The success of most tenancies will come down to the working relationship between landlord and tenant.
It is important to remember that it is a professional contractual relationship and not a friendship. Most problems occur when there is a breakdown in communication. So if you are able to maintain an open and transparent working relationship you are less likely to experience problems and, if you do, they are more likely to be satisfactorily resolved.
If the landlord is failing to repair something in the property or ignoring requests to do so, you should ensure all the contact that you make is recorded in some way.
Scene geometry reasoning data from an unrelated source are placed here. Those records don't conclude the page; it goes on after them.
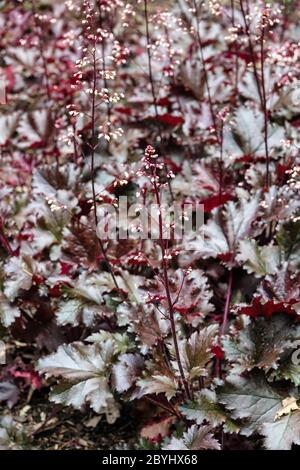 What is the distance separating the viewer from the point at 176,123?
329cm

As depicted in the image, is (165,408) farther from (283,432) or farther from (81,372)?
(283,432)

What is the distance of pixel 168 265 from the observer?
2631 mm

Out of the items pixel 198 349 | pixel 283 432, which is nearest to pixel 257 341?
pixel 198 349

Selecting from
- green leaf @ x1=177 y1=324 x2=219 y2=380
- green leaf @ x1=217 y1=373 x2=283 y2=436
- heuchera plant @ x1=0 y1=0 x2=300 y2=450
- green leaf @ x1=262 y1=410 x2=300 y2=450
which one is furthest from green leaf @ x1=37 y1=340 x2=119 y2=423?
green leaf @ x1=262 y1=410 x2=300 y2=450

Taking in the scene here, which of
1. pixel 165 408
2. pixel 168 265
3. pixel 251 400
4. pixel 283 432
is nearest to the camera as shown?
pixel 283 432

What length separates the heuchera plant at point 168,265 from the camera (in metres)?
2.06

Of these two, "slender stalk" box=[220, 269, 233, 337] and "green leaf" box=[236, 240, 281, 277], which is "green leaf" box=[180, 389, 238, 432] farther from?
"green leaf" box=[236, 240, 281, 277]

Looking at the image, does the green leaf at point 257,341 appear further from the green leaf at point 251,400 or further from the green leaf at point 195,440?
the green leaf at point 195,440

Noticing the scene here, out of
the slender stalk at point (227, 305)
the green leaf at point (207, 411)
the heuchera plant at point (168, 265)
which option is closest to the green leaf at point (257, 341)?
the heuchera plant at point (168, 265)

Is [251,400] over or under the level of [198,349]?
under

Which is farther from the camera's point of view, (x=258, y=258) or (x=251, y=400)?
(x=258, y=258)

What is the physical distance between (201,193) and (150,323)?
93 cm

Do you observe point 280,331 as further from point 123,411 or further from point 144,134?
point 144,134

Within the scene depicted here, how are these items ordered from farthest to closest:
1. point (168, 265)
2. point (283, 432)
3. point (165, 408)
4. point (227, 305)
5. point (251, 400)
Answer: point (168, 265)
point (227, 305)
point (165, 408)
point (251, 400)
point (283, 432) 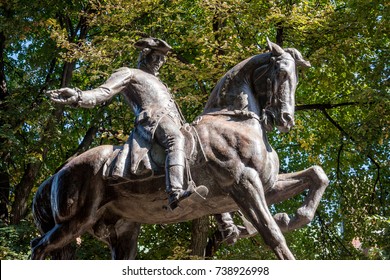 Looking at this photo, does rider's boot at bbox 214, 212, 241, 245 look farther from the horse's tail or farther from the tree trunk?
the tree trunk

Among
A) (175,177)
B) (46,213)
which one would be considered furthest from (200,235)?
(175,177)

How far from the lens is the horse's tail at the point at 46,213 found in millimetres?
8453

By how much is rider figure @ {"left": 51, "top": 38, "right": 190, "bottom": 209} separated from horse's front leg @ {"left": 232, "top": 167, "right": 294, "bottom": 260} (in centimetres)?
56

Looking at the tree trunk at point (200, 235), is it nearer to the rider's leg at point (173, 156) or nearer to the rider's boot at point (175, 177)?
the rider's leg at point (173, 156)

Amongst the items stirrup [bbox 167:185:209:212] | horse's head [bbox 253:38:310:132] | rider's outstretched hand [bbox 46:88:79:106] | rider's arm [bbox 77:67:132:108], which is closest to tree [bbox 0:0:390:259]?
rider's arm [bbox 77:67:132:108]

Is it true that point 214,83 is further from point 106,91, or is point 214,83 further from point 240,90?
point 106,91

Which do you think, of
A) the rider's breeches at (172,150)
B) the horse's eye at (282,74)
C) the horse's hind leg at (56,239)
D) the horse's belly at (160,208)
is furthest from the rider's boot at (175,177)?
the horse's eye at (282,74)

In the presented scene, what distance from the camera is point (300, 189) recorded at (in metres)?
8.34

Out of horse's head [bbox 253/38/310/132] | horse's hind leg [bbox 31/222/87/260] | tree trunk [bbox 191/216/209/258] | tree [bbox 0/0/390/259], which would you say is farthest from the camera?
tree [bbox 0/0/390/259]

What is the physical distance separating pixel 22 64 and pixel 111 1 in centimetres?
396

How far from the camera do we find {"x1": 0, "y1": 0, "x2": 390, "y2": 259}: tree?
16.1 metres

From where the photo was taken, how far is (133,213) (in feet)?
27.5

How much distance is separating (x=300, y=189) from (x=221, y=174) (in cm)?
94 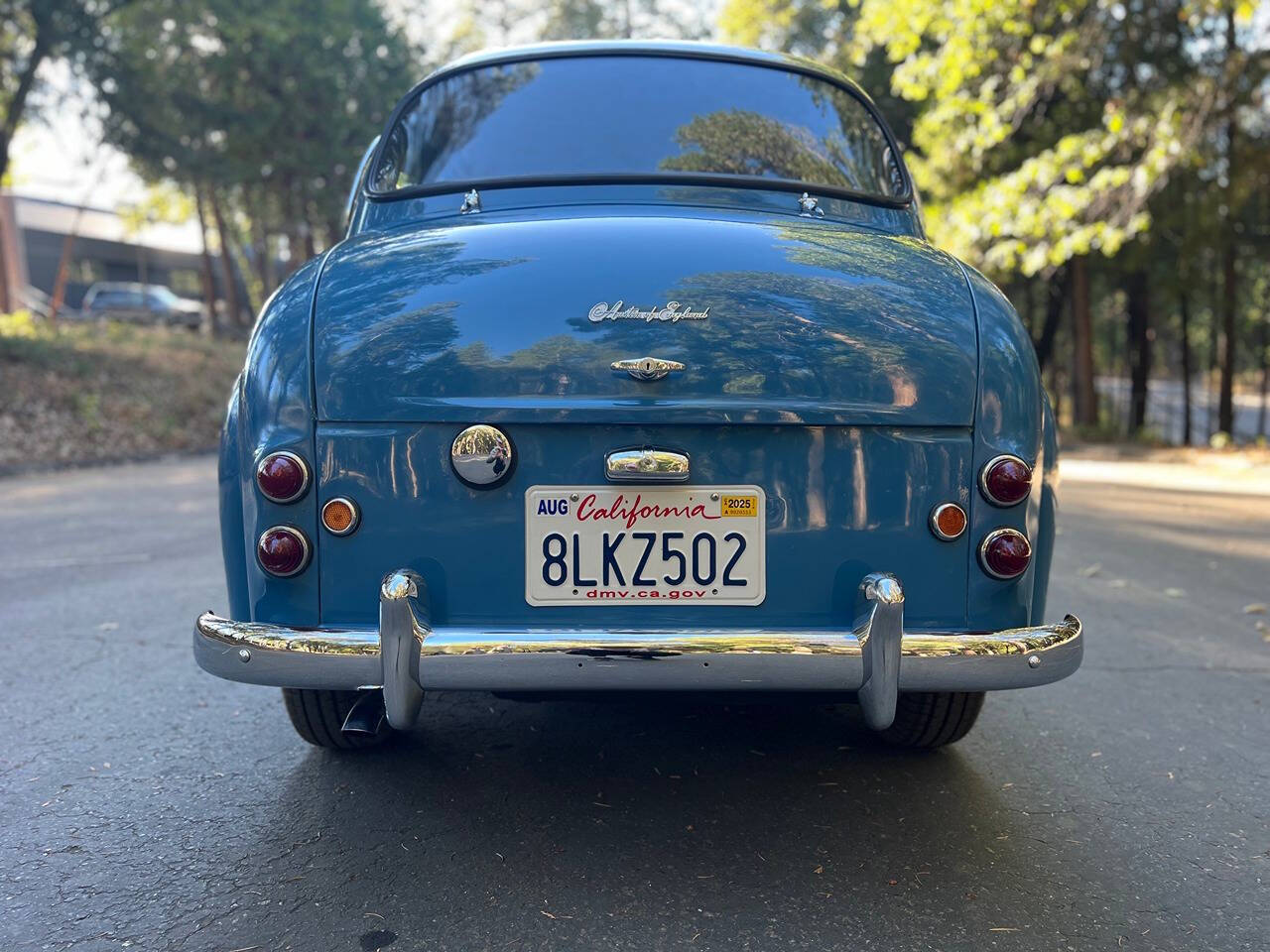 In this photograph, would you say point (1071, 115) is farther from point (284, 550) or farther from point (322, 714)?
point (284, 550)

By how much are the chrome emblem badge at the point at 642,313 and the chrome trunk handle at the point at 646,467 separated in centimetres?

Any notification of a repair that is due should be sent in writing so it may be evidenced later down the line and you should give the landlord adequate time to arrange repairs before threatening any further action. If the property is in an unsafe condition you can contact the local authority who have the powers to force landlords to remedy health and safety hazards.
During your tenancy, your landlord or agent should provide you with contact details including a 24-hour contact for emergencies.
Increasingly managing repairs and maintenance is done online and communicating via email is a good way to keep track of progress. Whilst it is important to get repairs completed quickly, you should also be realistic about timescales. Some repairs may not be immediate, especially if replacement parts have to be ordered, but having a contractor attend within 24 hours to diagnose the problem is not an unreasonable expectation.
Most landlords and agents will hold a set of keys in order gain access to the property for repairs (it’s also useful if you lose your keys) but you should expect them to always confirm the access with you in advance before attending and give you the option to attend should you wish. If the contractor is attending alone, make sure that they are properly vetted and are insured to be able to collect keys and have unsupervised access
Property Managers are employed as agents for the landlord and, depending on the contract that they have with a landlord, they may be limited in what they can arrange without explicit consent from the owner. Although employed by the landlord they still have a duty of care to you as the tenant and to ensure that you are kept free from any danger. Most property managers will hold some money on account to cover the cost of emergency repairs but regular maintenance will need confirmation to proceed.
Emergency repairs are generally specific to power and water and most contractors that attend to these sort of problems (power failures, major leaks and flooding) will do the minimum overnight to stem the problem and then re-attend the next day when they will cause less disruption to other residents, be working in daylight and on normal rates.
If you have an emergency you should also take what reasonable precautions you can to prevent any damage, including switching off electric or water supplies or trying to contact your neighbour if there is a leak coming from their property.
Unless specifically agreed with the landlord and agent you should not try to undertake any repair works yourself, even if you are qualified to do so. Some works may potentially cause you harm, cause additional damage to the property or possibly invalidate the landlord’s insurance. If this happens the landlord could reasonably look to you to cover the cost of the damage if they did not give consent for work to be undertaken.
Rent payment problems
If your circumstances change and you can no longer afford to make rent payments your best option is to be as transparent as possible with the landlord and agent and not assume that they won’t try to help you if they can.
Going through a legal process for rent arrears can be tough for both landlords and tenants and, if an agreeable settlement can be reached, both parties are normally better off. If, however, the issue cannot be resolved there is a due legal process that would need to be followed and the landlord would need to secure a court order before being able to take the property back.